Instructions for the task - Your task is to retype, word for word, the lines from the start of the data through the line holding "紫外線対策 UVカット ユニセックス」|サングラス|". Do not include the pictures.

Brief descriptive captions
Content starts

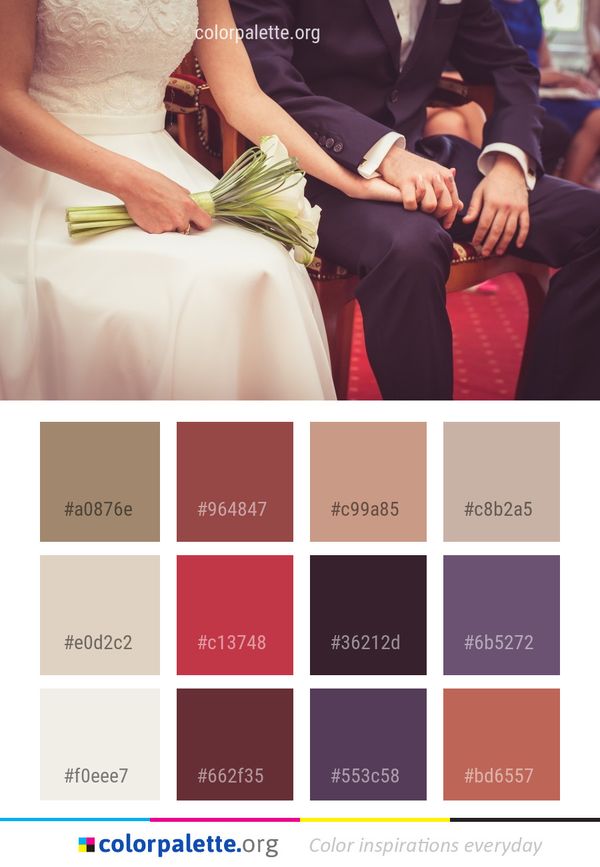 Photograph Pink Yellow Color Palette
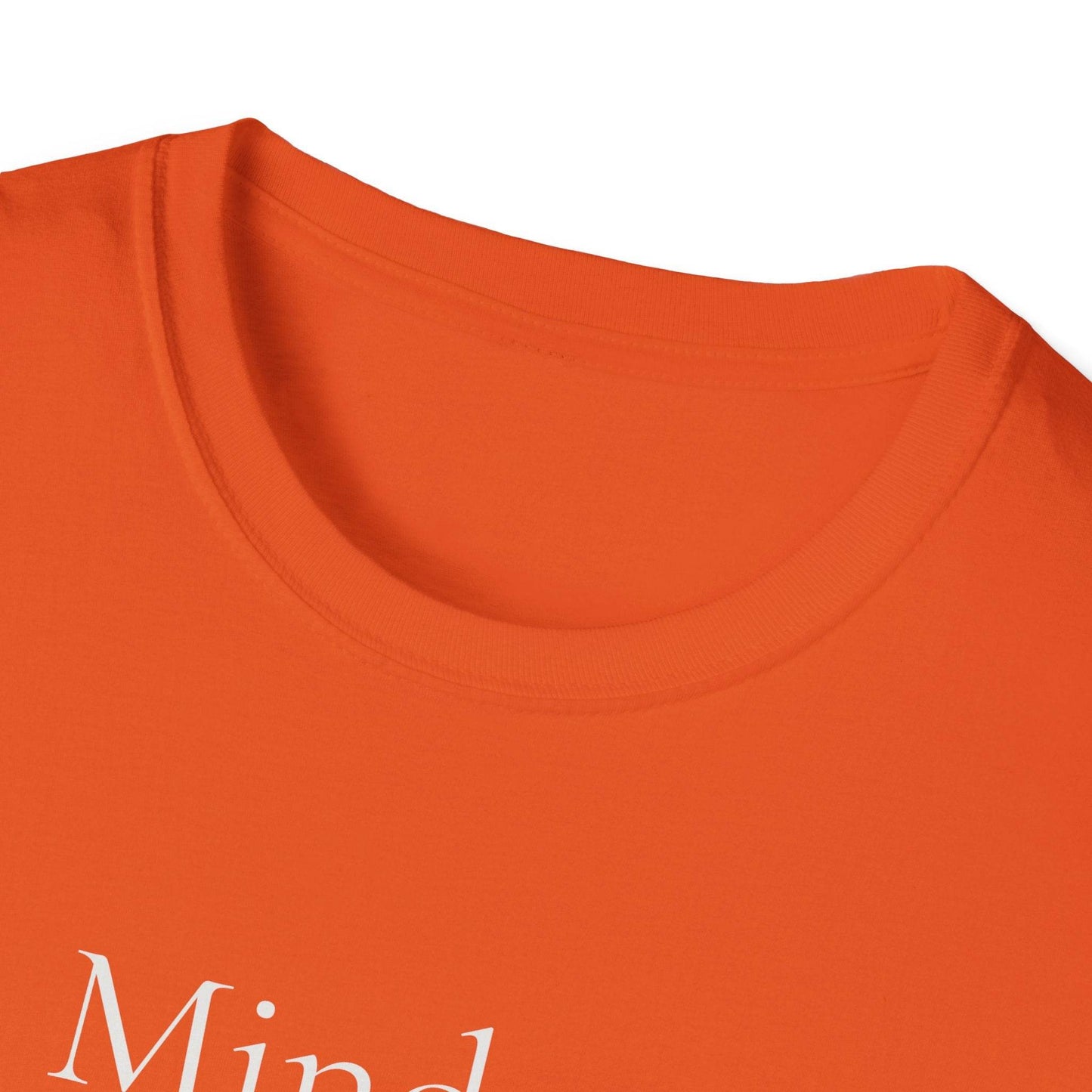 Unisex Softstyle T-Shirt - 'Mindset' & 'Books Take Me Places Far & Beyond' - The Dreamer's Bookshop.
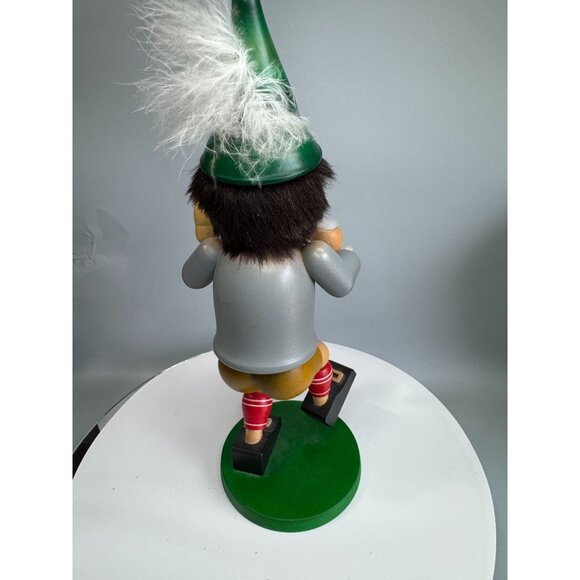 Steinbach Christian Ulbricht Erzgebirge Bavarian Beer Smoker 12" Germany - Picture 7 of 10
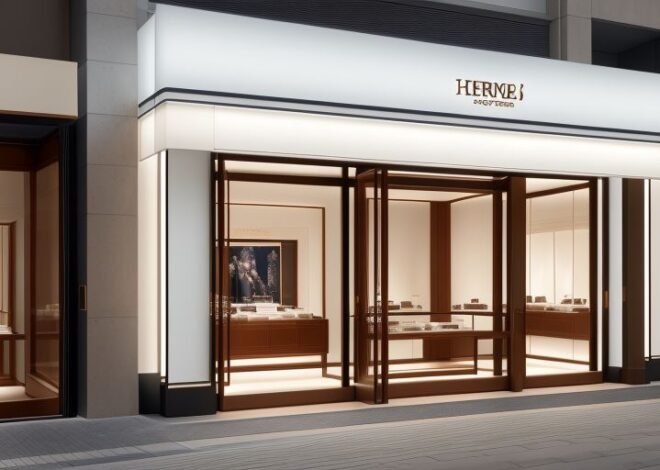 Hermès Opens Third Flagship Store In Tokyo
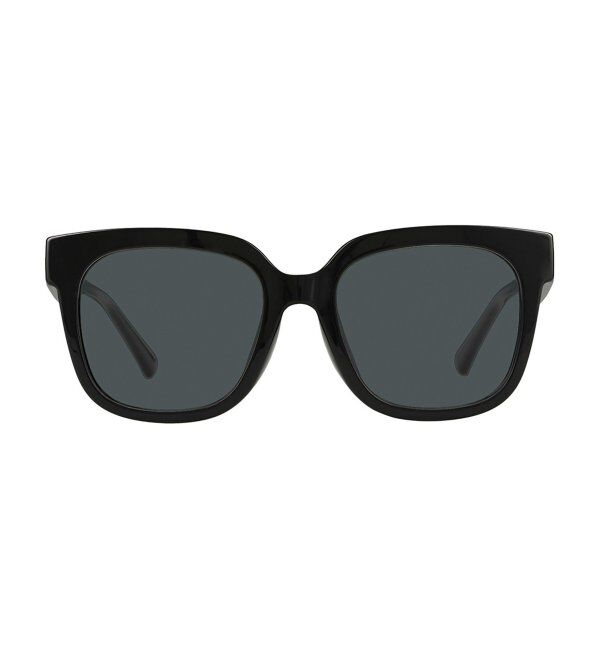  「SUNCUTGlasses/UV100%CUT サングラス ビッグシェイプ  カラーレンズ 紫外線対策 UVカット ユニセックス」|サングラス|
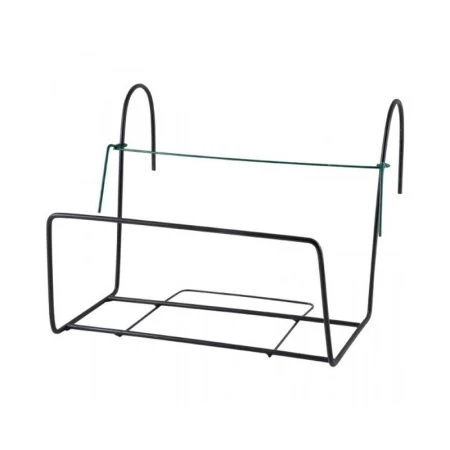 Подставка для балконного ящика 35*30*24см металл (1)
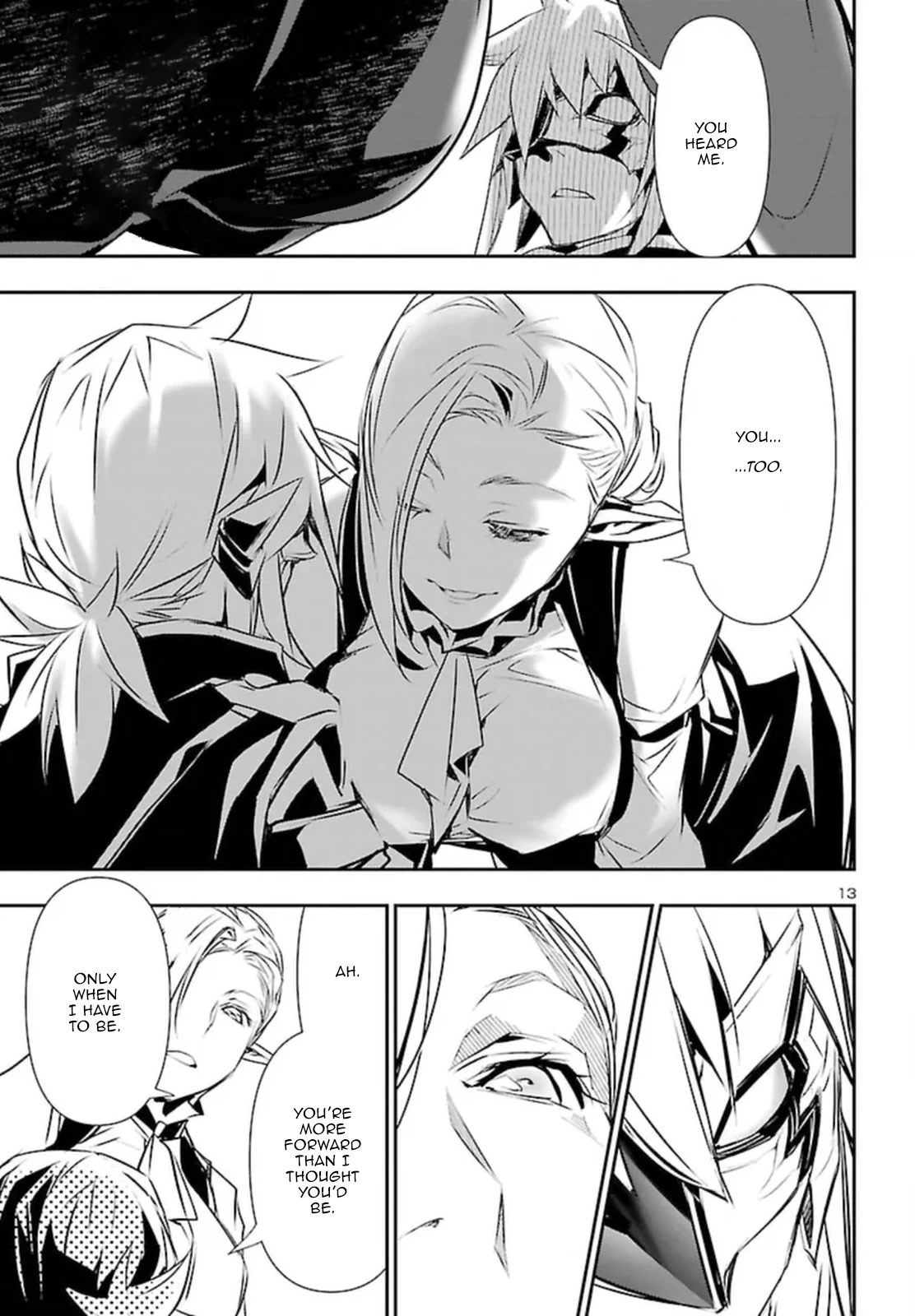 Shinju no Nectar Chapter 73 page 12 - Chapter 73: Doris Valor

Content ends

Solution to this task -
 Photograph Pink Yellow Color Palette
 Unisex Softstyle T-Shirt - 'Mindset' & 'Books Take Me Places Far & Beyond' - The Dreamer's Bookshop.
 Steinbach Christian Ulbricht Erzgebirge Bavarian Beer Smoker 12" Germany - Picture 7 of 10
 Hermès Opens Third Flagship Store In Tokyo
  「SUNCUTGlasses/UV100%CUT サングラス ビッグシェイプ  カラーレンズ 紫外線対策 UVカット ユニセックス」|サングラス|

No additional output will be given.